You can request an elder abuse restraining order if you are:
- 65 years old, or older; or
- Are between 18 and 64 and have certain mental or physical disabilities that keep you from being able to do normal activities or protect yourself; and
You are a victim of:
- Physical or financial abuse, neglect/abandonment, treatment that mentally hurt; or
- Deprivation by a caregiver of basic things/services so you will not suffer physically, mentally, or emotionally.
This page only explains how to file an elder abuse restraining order in California. We also provide information on how to defend a restraining order, file a civil harassment restraining order, a workplace violence restraining order and a domestic violence restraining order.
Fill Out the Proper Documents
The person filing the petition will need to fill out, sign, and file the following documents:
- Form EA-100 → this form provides the judge with the details of your particular circumstances, and what you are asking the court to do.
- Form CLETS-001 → this form provides law enforcement with information about the person to be restrained.
- Items 1 and 2 of the Form EA-109 → this form will tell both you and the party you are seeking to restrain when to come to court for the hearing.

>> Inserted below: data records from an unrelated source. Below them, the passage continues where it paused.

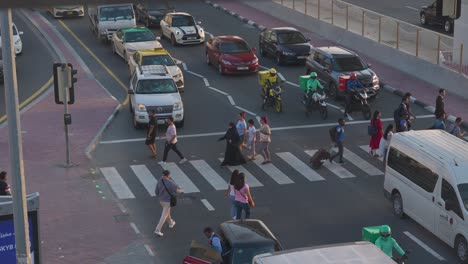 überzeugendes-4K-Filmmaterial-Mit-60-Bildern-Pro-Sekunde,-Das-Menschen-Zeigt,-Die-Abends-überflutete-Straßen-In-Der-Nähe-Der-U-Bahn-Station-ADCB-In-Dubai-überqueren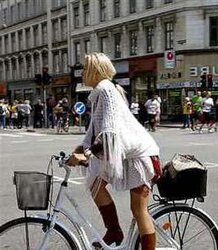 Honeys railing bicyles in high high-heeled slippers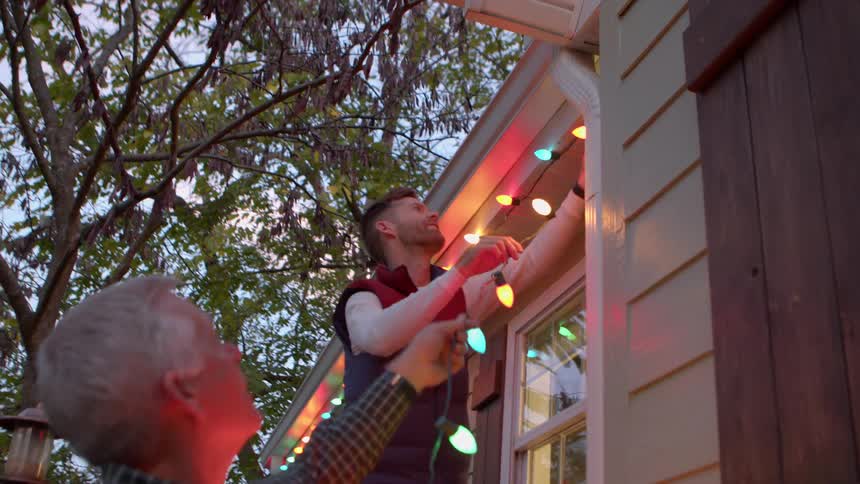 Two men installing christmas lights on the outside of a house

- Items 1, 2 and 3 of the Form EA-110 → this form requests that a temporary restraining order be granted until the hearing date (if you need more space you can use Form MC-020 as needed).
File the Documents
File the documents at the proper courthouse with the court clerk. The clerk may give you additional conditions to adhere to and may provide you with additional documents that that specific courthouse requires you to file before a temporary elder abuse restraining order can be granted.
You will receive a hearing date and the judge will review Form EA-110 and sign it if a temporary restraining order is granted. If the judge does not grant the temporary restraining order, you will still receive a hearing and an opportunity to present your full case and request a permanent restraining order. The only difference between the temporary order being granted and not being granted is that in the time period of approximately one month between the filing of the temporary restraining order request and the hearing on the permanent restraining order, no restraining will be in effect during that time if the temporary order is not granted. All other service requirements and filing requirements remain the same.
While the judge’s ruling with respect to the temporary restraining order can sometimes give the parties an indication of what the ruling will be after the hearing on the permanent order, it is common for permanent orders to be denied after temporary orders have been granted, and it is also common for temporary orders to be denied only to have a judge grant a permanent order after all evidence is presented and the court hears from both sides.
The judge may also make changes to the parameters of the temporary restraining order you requested. He or she can increase or decrease the requested distance the respondent is permitted to travel with respect to the petitioner. The judge can also delete certain conditions that he or she believes are not necessary or are unfair, such as conditions that would impede the respondent from traveling to work or being able to come and go from their home.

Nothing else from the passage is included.